Two Sides of a Sword

16/05/2012

 

Saudi Arabia is known as the country with the highest oil reserves and as the largest oil producer. The country started exporting oil since 1939 which means it is been more than 72 years since then. The infrastructure of the country was significantly developed and the face of changed as a result of the income of exporting oil for all of these years. However, corruption was there along the way resulting in a lot of waste and improper management of the huge available income.

 

More people are aware today of the fact that more than 30% of the Saudis are less than 15 years old. In the other hand, King Abdullah is about 90 years old and none of the ministers is less than 50 years old with one single exception. In many countries people talk about Generation Y and how much different they are compared to Generation X and older generations. Saudi Arabia is not an exception here. Younger people in Saudi Arabia have their own needs and expectations. Without meeting those needs and expectations, things in the future might get more difficult in different aspects.

 

As unemployment is on the rise and more youngsters are graduating from universities not only local ones but also prestigious schools from around the world, the pressures are getting more tense on the government. The fresh graduates who choose to come back home were exposed during their years abroad to new cultures and political systems that are faraway from what they’ll find home. Surely not each one of them will have the guts, time or interest to demand implementing similar changes in their country. However, some might find it the most important thing they could give back to their country and to their future kids. Many of these students are actually females. Given the current situation of females in Saudi Arabia, I don’t expect many of those female graduates to accept the statuesque. Not only the government will struggle with that, but also the more conservative groups of the society as well.

 

Social Media brought to Saudi Arabia a vibe of change like nothing else in the past ten years. Many people experienced the freedom of saying what they really feel without a lot of concern. Many realized that the country is not what they personally believe in and that others might not share with them the same views. With the impact of the Arab Spring, individuals in Saudi Arabia know that they are part of the equation and ignoring them is not really an option. It is true that Riyadh streets did not experience any protests, but many use Social Media as Saudi Arabia’s Tahrir Square. Almost nothing could stop that. The question is how far and for how long such protests will remain a cyber-phenomenon.
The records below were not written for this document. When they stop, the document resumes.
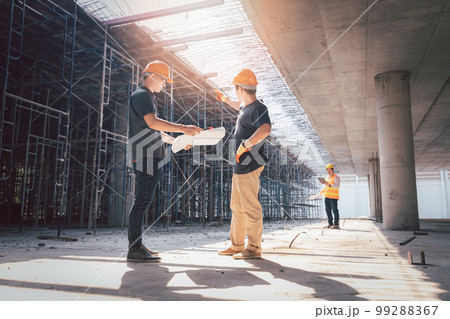 Concept of construction. Engineer, architect and designer working together at the construction site, Foreman or engineer checking the accuracy of the construction work by using blueprints.. 99288367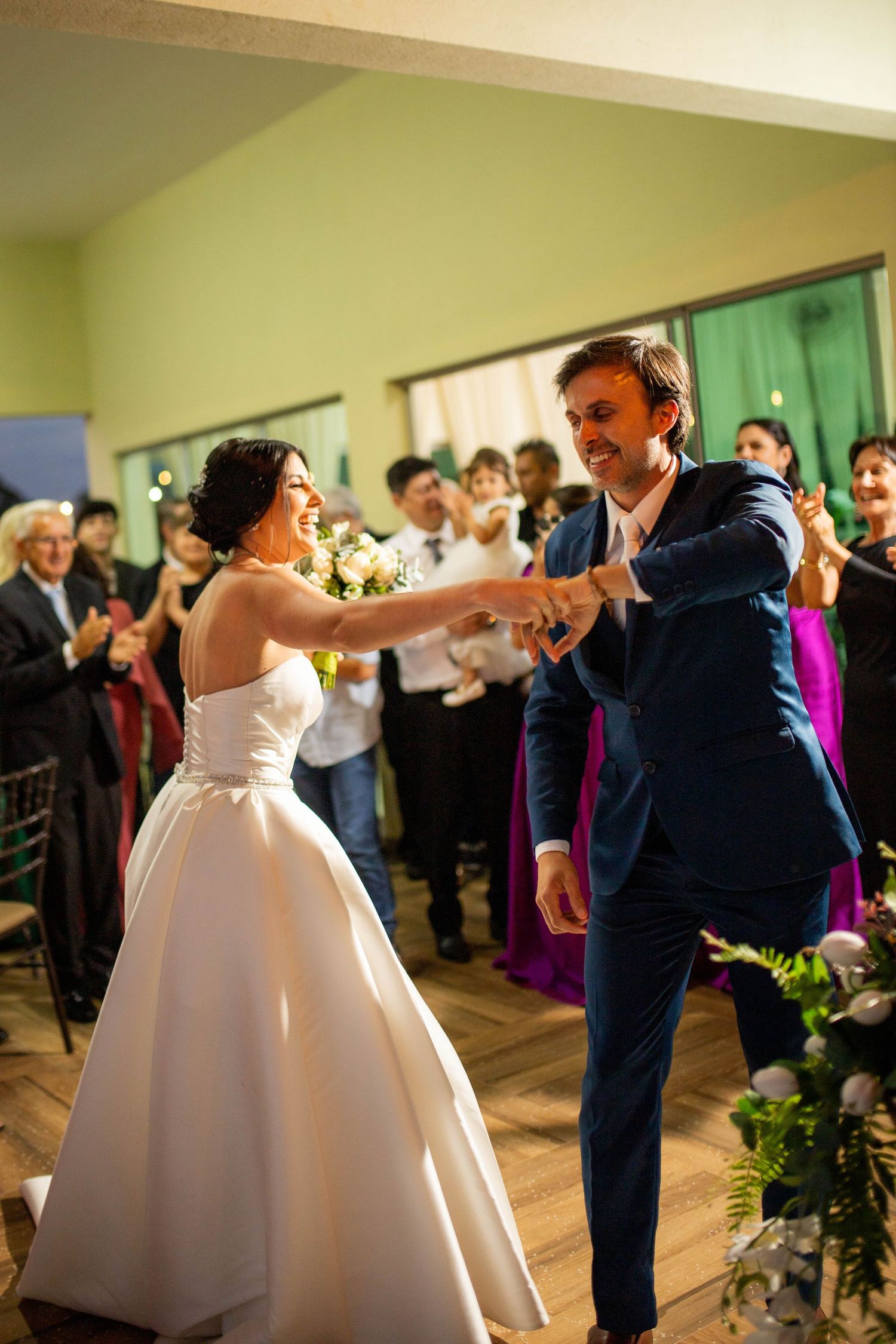 Bride and groom share their first dance at wedding reception, guests clapping in background.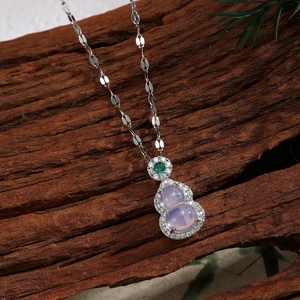 Macro detail of lavender gourd pendant with green gem and crystals on wood texture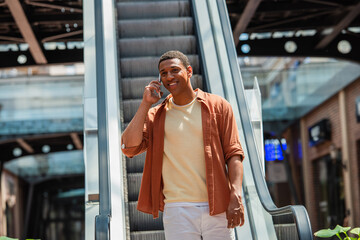 happy african american man talking on smartphone near escalator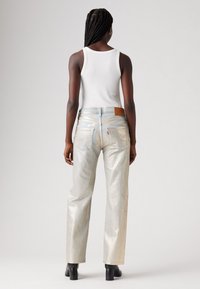 Jeans in denim argentato lucido con vestibilità rilassata, dotati di un'etichetta in pelle alla vita, tasche posteriori a toppa e una leggera texture lucida.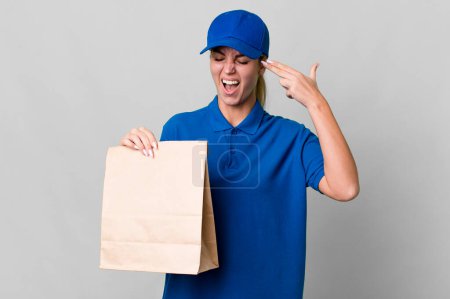 Foto de Caucasian blonde woman looking unhappy and stressed, suicide gesture making gun sign. paper bag delivery concept - Imagen libre de derechos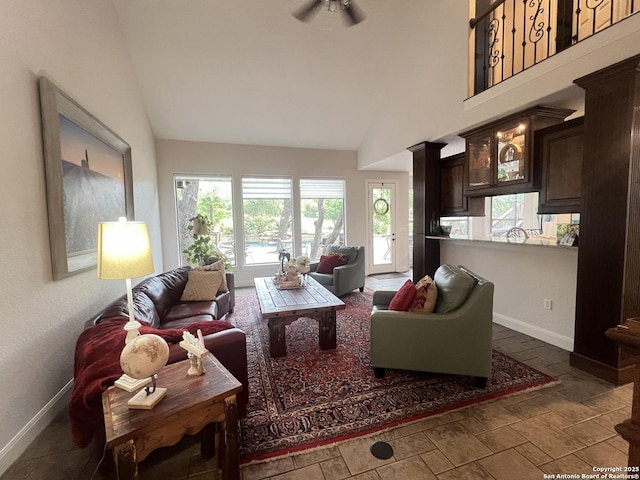 living area with baseboards, ceiling fan, lofted ceiling, and stone finish floor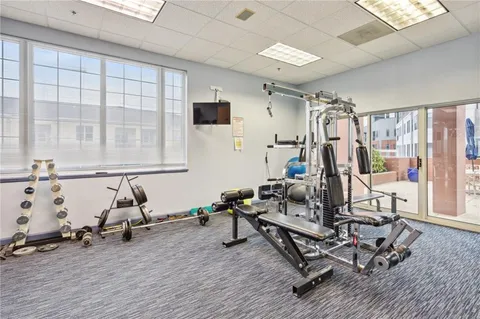 a room with gym equipment and large mirror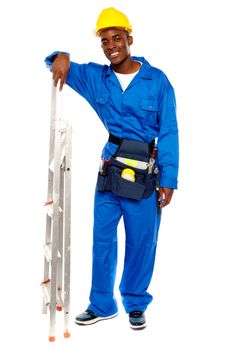 Full length portrait of smiling african worker resting hand on stepladder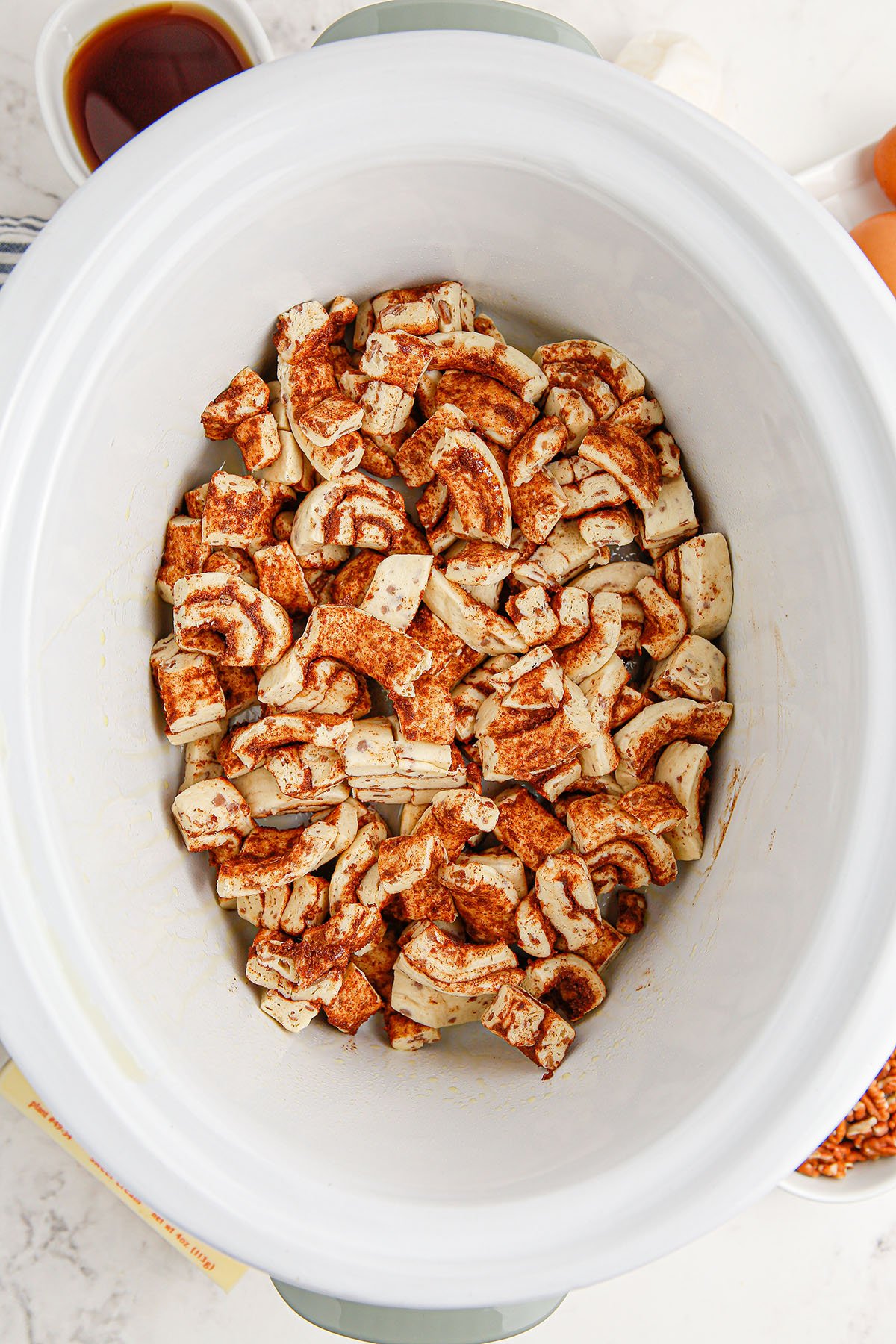 Cinnamon roll pieces placed in the bottom of a slow cooker.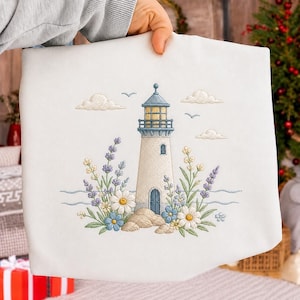 Puede incluir: Funda de almohada blanca con un bordado de faro. El diseño presenta un faro azul claro y blanco, rodeado de flores, nubes y pájaros. La funda de almohada está sujeta por una persona.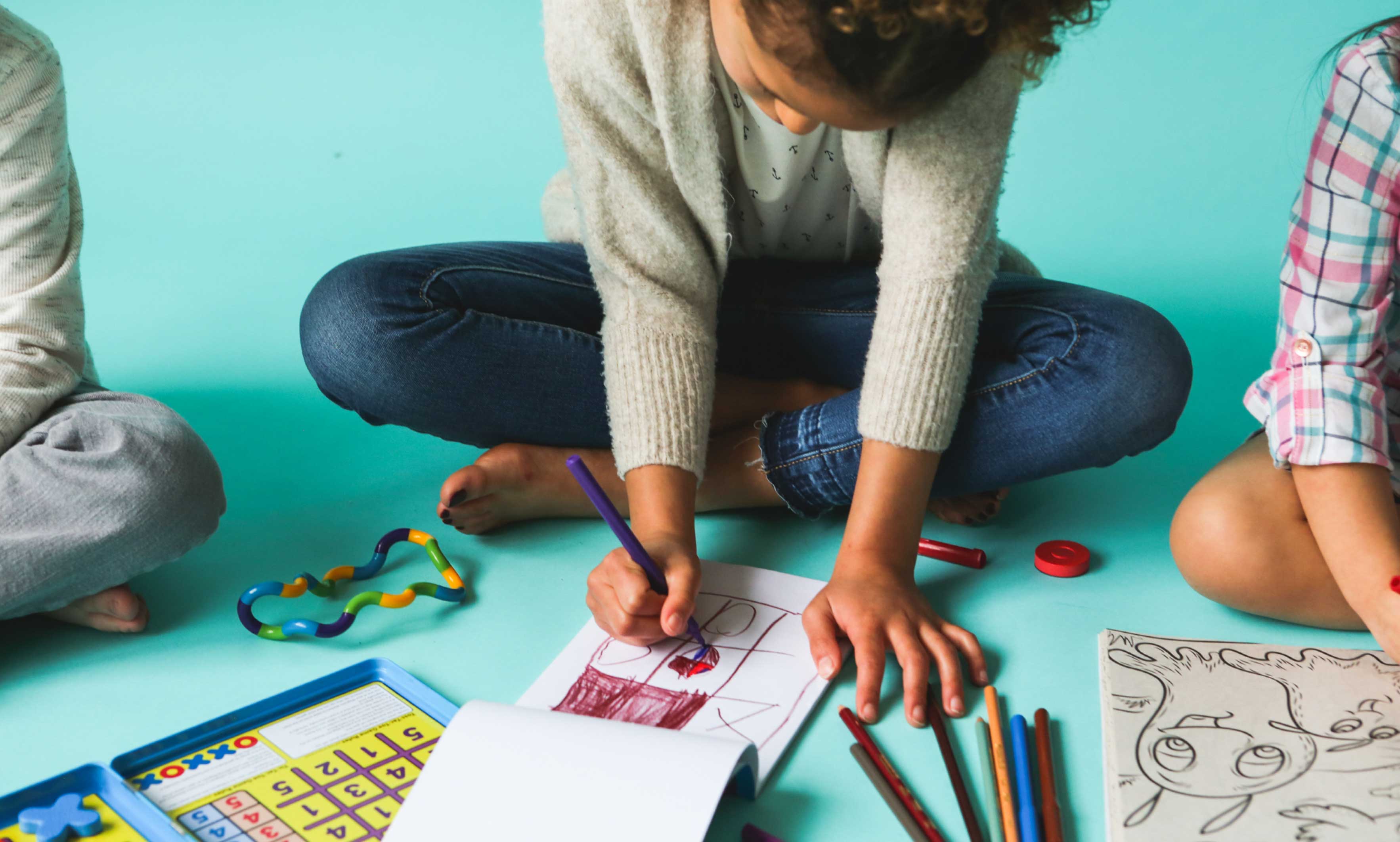 A child is sitting on the floor, drawing in a sketchbook.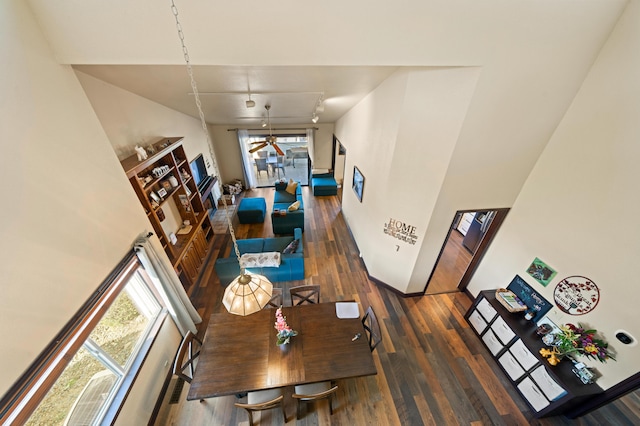 living area with wood finished floors, a healthy amount of sunlight, and a towering ceiling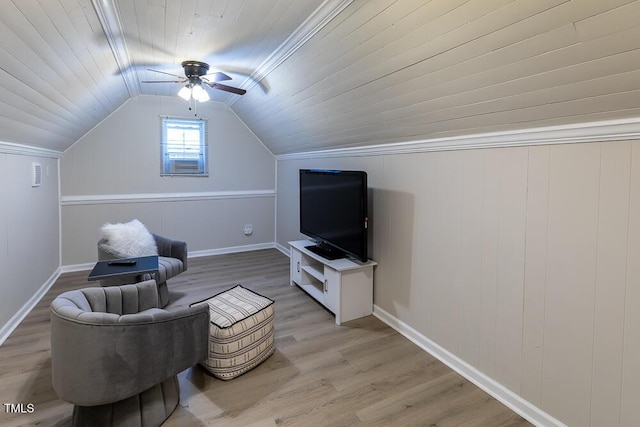 living area featuring baseboards, light wood-style flooring, ceiling fan, and lofted ceiling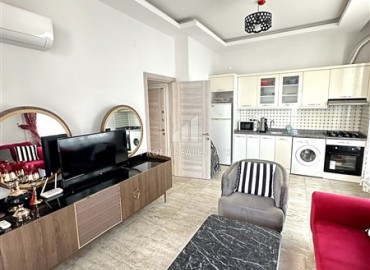 Стильные апартаменты с одной спальней, 55м², в современной резиденции с бассейном, в 250м от моря в Махмутларе, Алания ID-18656 фото-2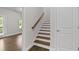 Staircase features hardwood treads, white risers, and a stained wood handrail at 2122 Pembroke Dr, Brookhaven, GA 30319
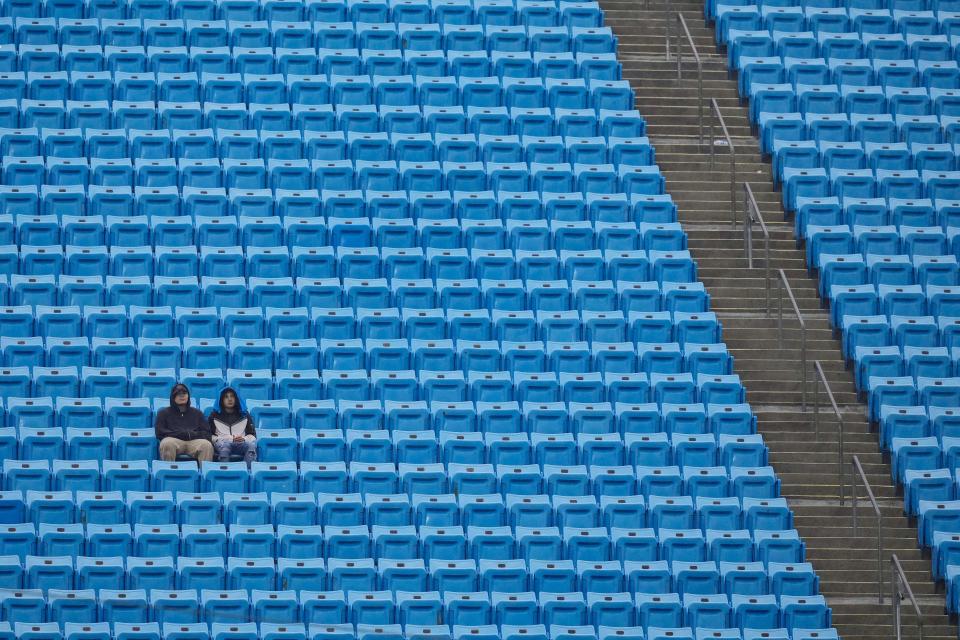 Fans sit in the rain during warm ups before the game between the Carolina Panthers and the Atlanta Falcons at Bank of America Stadium on December 17, 2023.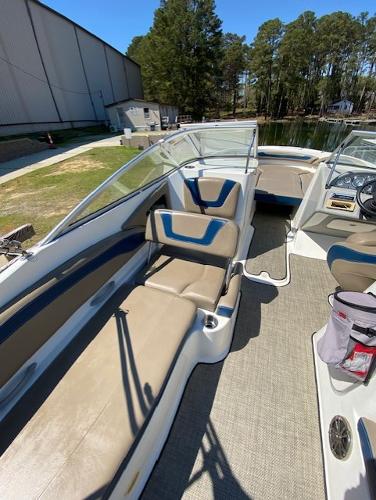 2005 Bayliner 249 SD boat interior with beige seating and clear windshield, docked near trees.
From another angel, such challenges to the future of Saudi Arabia can be considered as strengths and catalysts for change and better future for the country. The financial wealth available is great, however the real assets of any nation is its own people. The country has no choice but to bring more inclusion of its citizens in running things. The Royals cannot run everything and might not have the right people in the near future who have the wisdom to keep things together. Going into the future without a vision will make the country very vulnerable to any internal or external risks. The stability Saudi Arabia experienced for many years might be at risk very soon.

 

Oil and money can be here today but they are not assured for the future. Educated and dedicated citizens will not ensure the sustainability of any country. Saudi Arabia today is facing the two sides of a sword. Either it will bring prospers future or it might mean the end of any hope in the future.

 

 

The Cost of Lifelong Royal Interventions

10/02/2010

The media and Saudi Internet websites have been very active over the past few years discussing almost everything and anything. However, I cannot forget a debate that was raged few years ago between a columnist and former Chief Editor of Al-Watan daily newspaper (Qenan Al-Ghamdi) and a religious clerk (Sheikh Saad Al-Buraik) around the type of state that should govern Saudi Arabia. Shaikh Saad called for a religious type of state while Qenan was calling for a civil state governing the country. The discussion really consumed so much time and energy, yet I strongly believe that such discussions are useless. Why?.  Because a simple reality check of life in Saudi Arabia proves that we have a special kind of state: the individual state, where the King rules without any real checks and balance mechanism by anyone. Such total control and excessive involvement in many dimensions of life in the country cannot be missed when you read about royal interventions in cases such as water shortages in Aseer area or the recent direction to three ministries to provide the required maps for Al-Harameen High Speed Rail project which is supposed to be commissioned in a year time!. Such high level involvement gives the impression that things are not running well and no less than the King himself need to be involved and still there is a chance that things might not materialize!.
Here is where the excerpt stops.